[EXERCISE DATA]:
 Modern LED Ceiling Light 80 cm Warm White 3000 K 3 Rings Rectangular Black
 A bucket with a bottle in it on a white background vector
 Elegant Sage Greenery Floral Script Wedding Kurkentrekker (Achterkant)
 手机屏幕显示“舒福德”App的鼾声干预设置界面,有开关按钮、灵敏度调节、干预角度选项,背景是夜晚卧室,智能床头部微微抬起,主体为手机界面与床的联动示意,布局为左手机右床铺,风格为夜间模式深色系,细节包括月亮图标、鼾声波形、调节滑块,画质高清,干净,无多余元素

--

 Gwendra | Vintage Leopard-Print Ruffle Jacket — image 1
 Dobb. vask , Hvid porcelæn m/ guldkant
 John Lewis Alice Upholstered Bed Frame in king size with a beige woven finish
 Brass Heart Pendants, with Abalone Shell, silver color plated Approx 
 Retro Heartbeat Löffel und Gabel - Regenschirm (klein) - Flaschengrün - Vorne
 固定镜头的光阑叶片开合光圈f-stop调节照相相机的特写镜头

[EXERCISE OBJECTIVE]:
Search the records line by line for the word "with" and copy every line where it appears.

[RESPONSE BOX]:
 A bucket with a bottle in it on a white background vector
 John Lewis Alice Upholstered Bed Frame in king size with a beige woven finish
 Brass Heart Pendants, with Abalone Shell, silver color plated Approx 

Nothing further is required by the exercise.